Sceptique? N°418.
Écrit par D.D sur 18 mars 2010
On s’était dit ici au soir des régionales qu’il serait assez intéressant de parler d’elles. Taux d’abstention record, claque bruyante pour la clique sarkoziste, sursaut des partis de gauche gagneurs d’élections secondaires, la démocratie chrétienne qui bascule dans l’écologie, etc…Mais les bras m’en tombent. Il y a une telle absence d’imagination face à ce que nous avons reçu sur la tête ces derniers temps. En premier lieu sur ce que devrait-être l’exigence d’un peuple qui se qualifie « peuple souverain » (d’où la démocratie) vis-à-vis de cette délinquance organisée de la finance planétaire. D’une élection à l’autre les choses n’ont fait que s’alourdir. Alors s’il faut porter au pouvoir des partis à encéphalogramme plat, allons-y ! mais je crains qu’il y ait un décalage assourdissant. J’ai même l’impression que ces élections ont eu pour effet d’occulter l’essentiel.
Maintenant, que la préfète-gendarme qui se présentait dans la région recule autant sous la poussée de la société bretonne me convient pleinement. Et que son nabot de mentor s’en ramasse une branlée, ça me va bien. Mais bon, on est tout d’abord frappé par ce que révèle d’inquiétant ce scrutin: l’effondrement de la participation des 18/25 ans, un électeur sur huit en France.
Faut-il en déduire l’expression d’une génération extra-sceptique quant à la politique, ou bien faut-il se demander s’il n’est pas de plus en plus difficile d’écarter ce que mit Marx à jour.
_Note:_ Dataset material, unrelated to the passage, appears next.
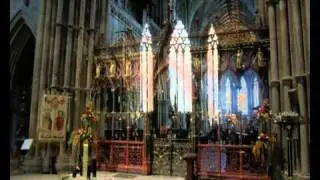 Lichfield Cathedral -  James plays Bach BWV736   Valet will ich dir geben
Ainsi Michael Hardt, un philosophe, écrit ceci : « Dans le contexte de la production industrielle, Marx est parvenu à la reconnaissance importante du fait que la production capitaliste a pour but de créer non seulement des objets mais aussi des sujets. «De cette façon la production ne produit pas seulement un objet pour son sujet mais aussi un sujet pour son objet.»
Et certains économistes contemporains analysent la transformation du capital dans des termes qui font écho à la formulation de Marx : «Si on devait toutefois risquer un pari sur le modèle émergent des prochaines décennies », affirme par exemple Robert Boyer, économiste: «c’est probablement à la production de l’homme par l’homme qu’il faudrait se référer ».
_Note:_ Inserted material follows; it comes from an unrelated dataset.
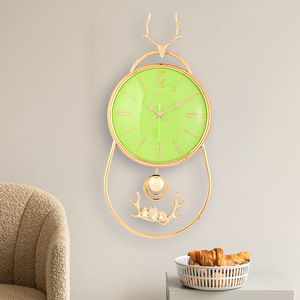 Stylish Wall <b>Clock</b> Analog <b>Battery</b> Powered Silent Decorative <b>Clock</b> For Living Room Bedroom Hotel Lobby - Product Image 2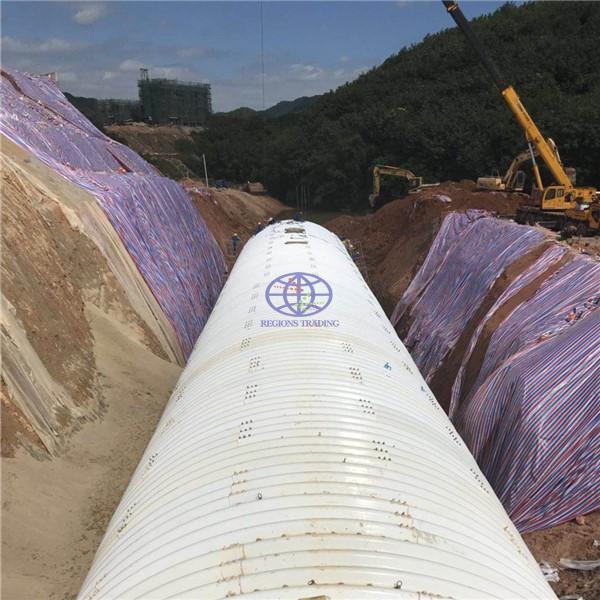 corrrugated steel culvert with AASHTO M36 standard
« L’évolution actuelle dans la production capitaliste tend vers un «modèle anthropogénétique». Les êtres vivants conçus comme du capital fixe sont au centre de cette transformation et la production des formes de vie devient la base de la valeur ajoutée. Il s’agit d’un processus dans lequel les facultés humaines, les compétences, les connaissances et les affects mis en œuvre – ceux acquis au travail mais surtout ceux qui sont accumulés en dehors du travail – produisent directement de la valeur. Une caractéristique distinctive du travail de la tête et du cœur est donc que, paradoxalement, l’objet de la production est en réalité un sujet, défini, par exemple par un rapport social ou une forme de vie.»
Faire de la politique au XXIe siècle? Un devoir de réinvention…quand tout rapport social ou forme de vie devient marchandise. En un mot, c’est l’imaginaire politique qui est à reconstruire. Pas facile.